I'm not really unhappy, but there is a motif in my family about me being a person that is impossible to reason with, and because that concept irks me because it aims for what I associate with myself very passionately, and the methodology in which these accusations come to me puts me at near disbelief.
It's just, when I get into a topic with someone, and we make statements, and then we explain those statements, somewhere along the line these days, my father, and just tonight two times in a row, my brother, they stop and make it personal and shift attention away from the topic and say that I have no intention of being reasoned with. They always do this when I question something they state. It never fails. And when I do that enough, they reach the "Holder Point", and they interpret it as, "Ohhhh Holder, you see this is why I can't talk with you, you are being so unreasonable, what with you always asking for reasons for things!" The first time my father did this, earlier in that same discussion, he implied that the topic didn't need to be understood. I feel like that whole discussion was our biases doing an interpretive dance together.
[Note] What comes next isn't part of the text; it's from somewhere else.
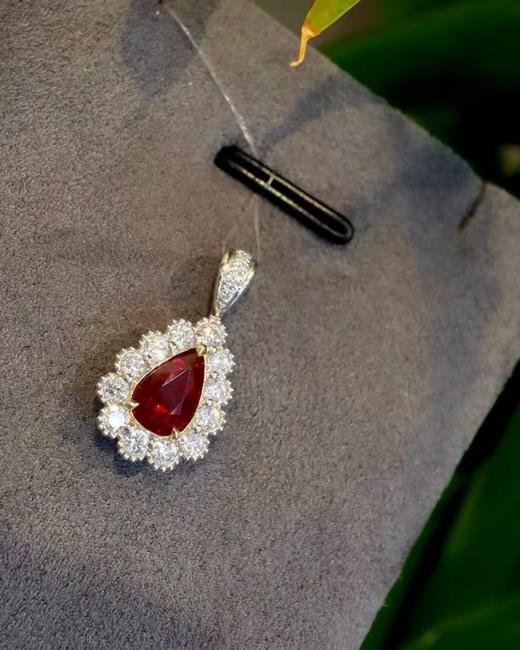 1.01ct刻面红宝石吊坠 商品图2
Tonight my brother and me went to go see Iron Man 3 (was pretty good by the way), and before it went on we started talking about something that involved my brother, at one point, leaving the topic and claiming that our father was right about me. I was fortunate enough to shut him up with some logic, though I feel like it ended because I referenced what father did in the discussion, and the note he ended it on was that he agreed father does that sometimes, as if it was his bias now appeased. Then, after the movie, I talk about an aspect of the movie which I found rather random, and off we go talking about it, and he artificially constructs a point to rationalize his original view opposing me. I questioned it, and he grew very upset and referenced our father yet again.
I mean, damn... It's not a big deal, but that is so unfair and I would never try to do that to them. Anyways, boring rant over. Moral of the story is that some people have a "Holder Point" where, after so many times, they erroneously get annoyed with getting asked for reasons to support their bias and they become convinced that the inquirer is in fact merely guarding their own bias by never being satisfied with any opposing answer, rather than believing that their reasons aren't actually being founded anywhere at all.